▶ _ABOUT THIS TASK_: Reproduce every line of the material below exactly. No pictures belong in the copy.

▶ _DATASET CONTENT_:
━━━━━━━━━━

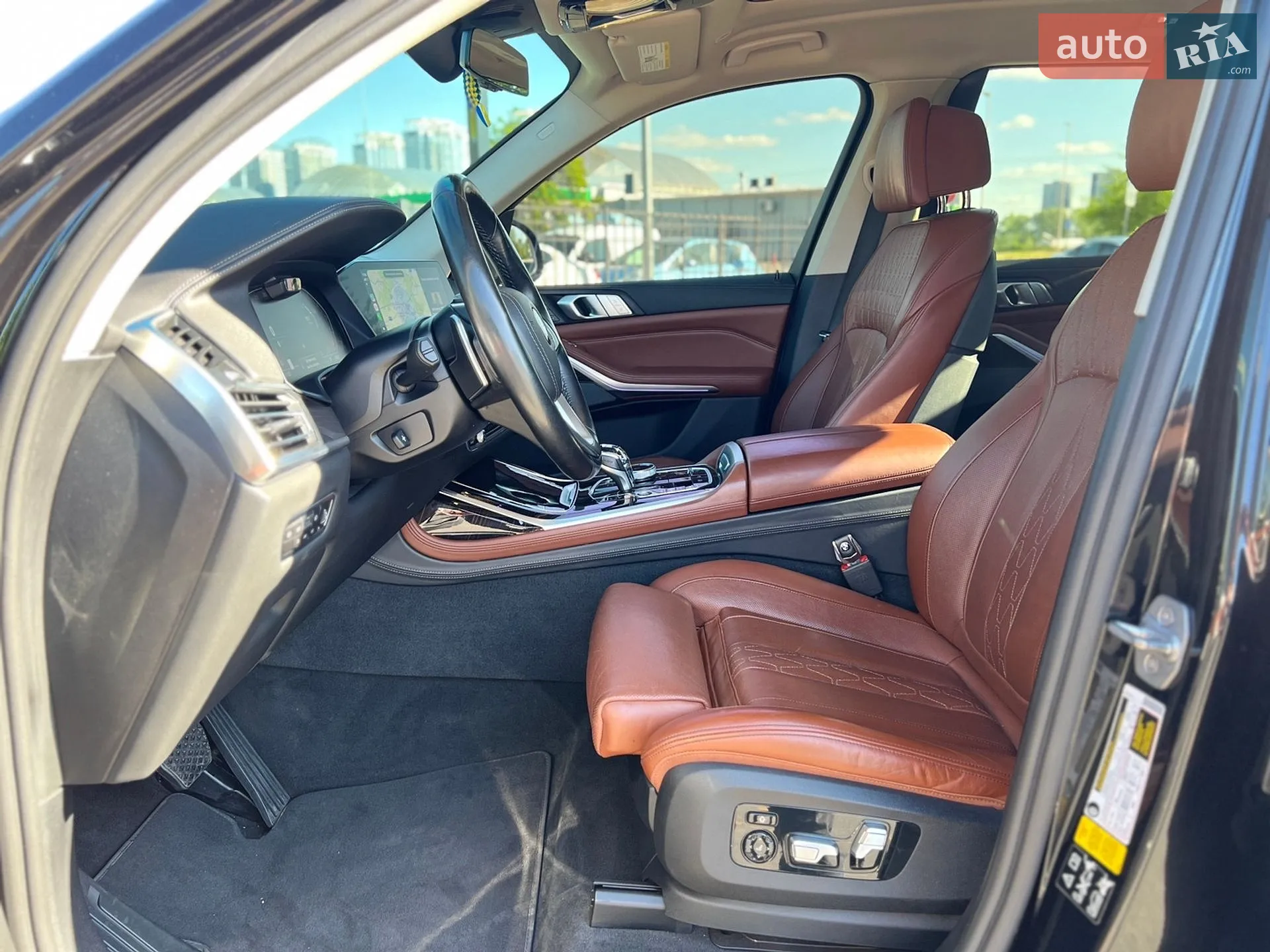 2019 BMW X7 - мініатюра 23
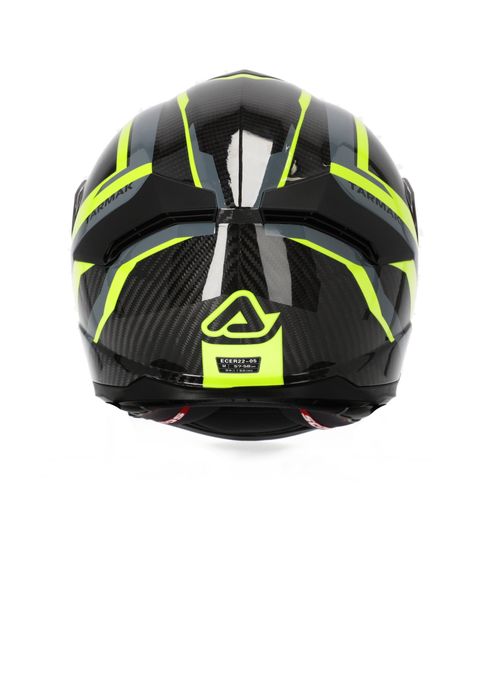 Casca Moto, Acerbis, Carbon Tarmak,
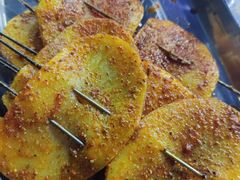 -穆萨烤肉美食城(兰峰小区店)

━━━━━━━━━━

▶ _EXERCISE SOLUTION_:
 2019 BMW X7 - мініатюра 23
 Casca Moto, Acerbis, Carbon Tarmak,
 -穆萨烤肉美食城(兰峰小区店)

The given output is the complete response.